WORK INSTRUCTION — Would you transcribe only the lines from the one holding "5W Dimmable Ceiling" through the end of the material, exactly, without any pictures?

INFORMATION GIVEN —
===
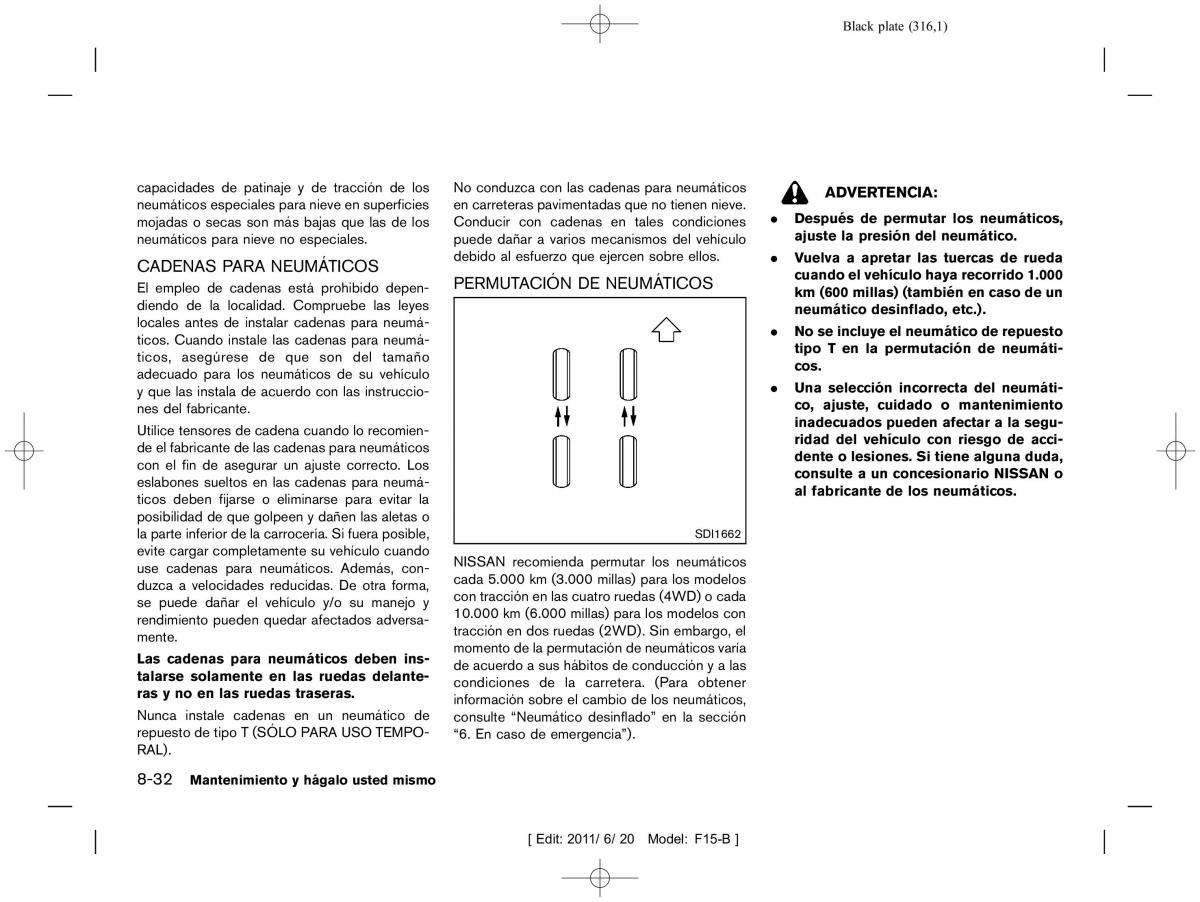 Nissan Juke manual del propietario / page 318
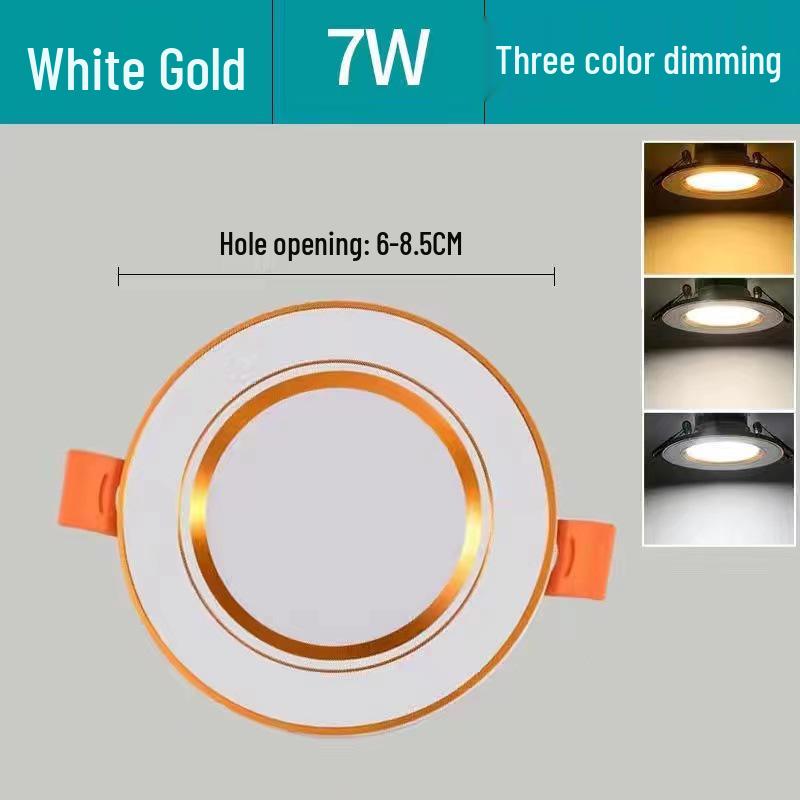 5W Dimmable Ceiling Downlight with 3-Color Settings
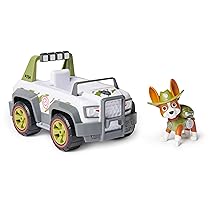 Paw Patrol, Veicolo Jungle Cruiser di Tracker, Veicolo e Personaggio Tracker, Giochi Bambini, 3+ anni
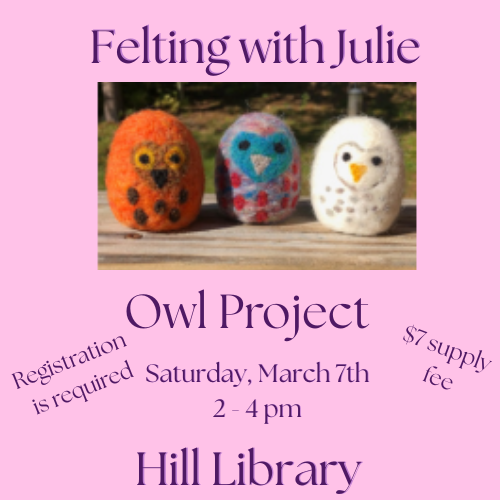 Felting with Julie-Owls!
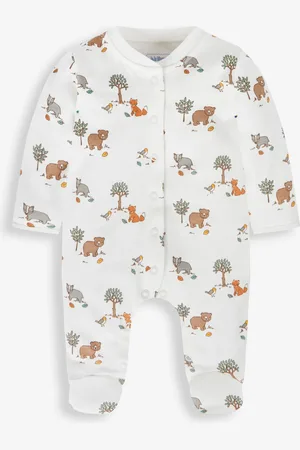 JoJo Maman Bébé Print Cotton Baby Sleepsuit10 - 18 måneder (76 - 86cm)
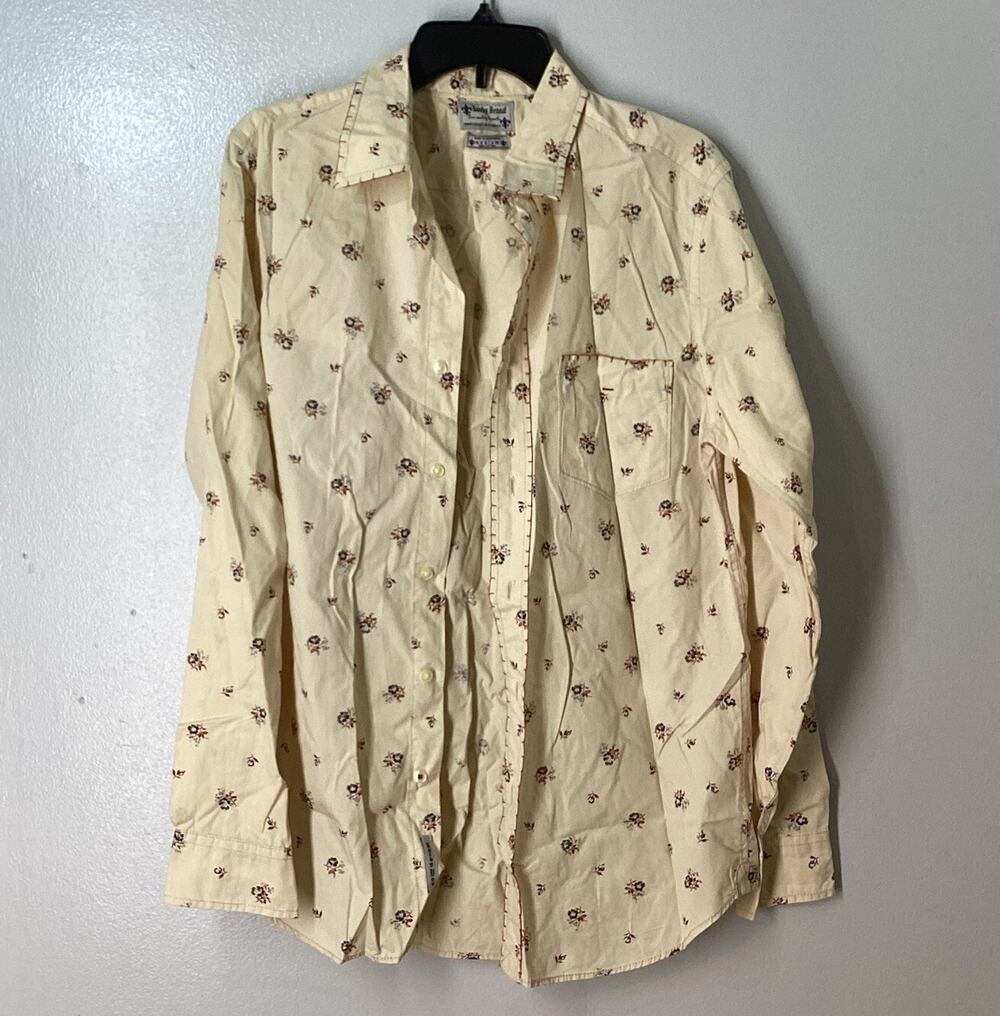 Lucky brand Womens long sleeve tops Cream With Rose‎ Medium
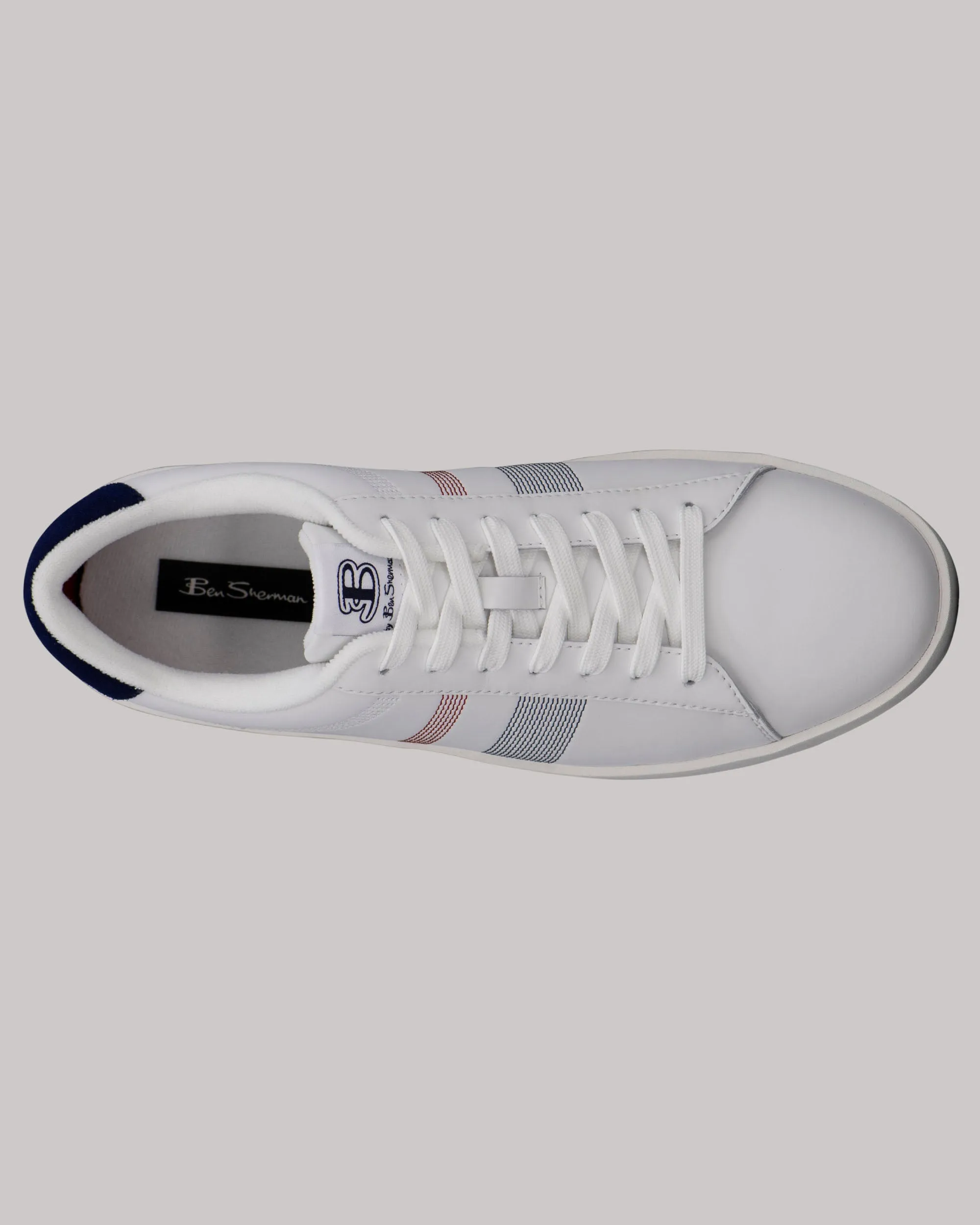 Boxwell Sneaker - White/Navy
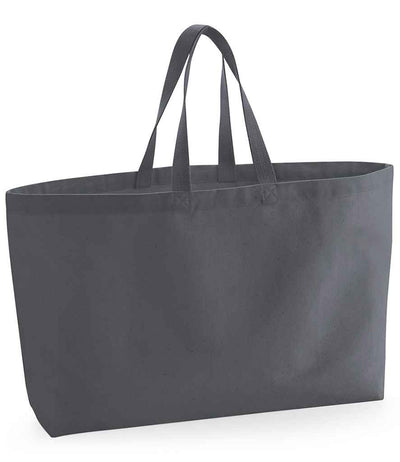 Westford Mill Oversized Canvas Tote Bag - Graphite Grey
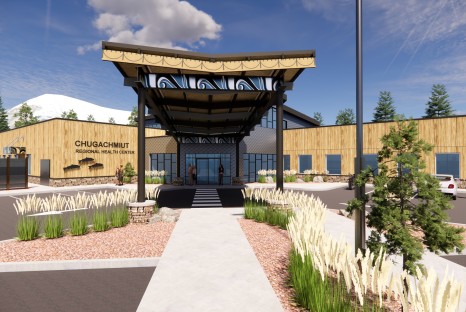 Rendering of covered entryway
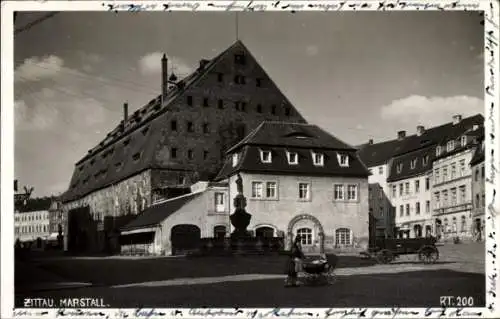 Foto Ak Zittau in Sachsen, Marstall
===
WRITTEN SOLUTION —
 5W Dimmable Ceiling Downlight with 3-Color Settings
 Paw Patrol, Veicolo Jungle Cruiser di Tracker, Veicolo e Personaggio Tracker, Giochi Bambini, 3+ anni
 Felting with Julie-Owls!
 JoJo Maman Bébé Print Cotton Baby Sleepsuit10 - 18 måneder (76 - 86cm)
 Lucky brand Womens long sleeve tops Cream With Rose‎ Medium
 Boxwell Sneaker - White/Navy
 Westford Mill Oversized Canvas Tote Bag - Graphite Grey
 Rendering of covered entryway
 Foto Ak Zittau in Sachsen, Marstall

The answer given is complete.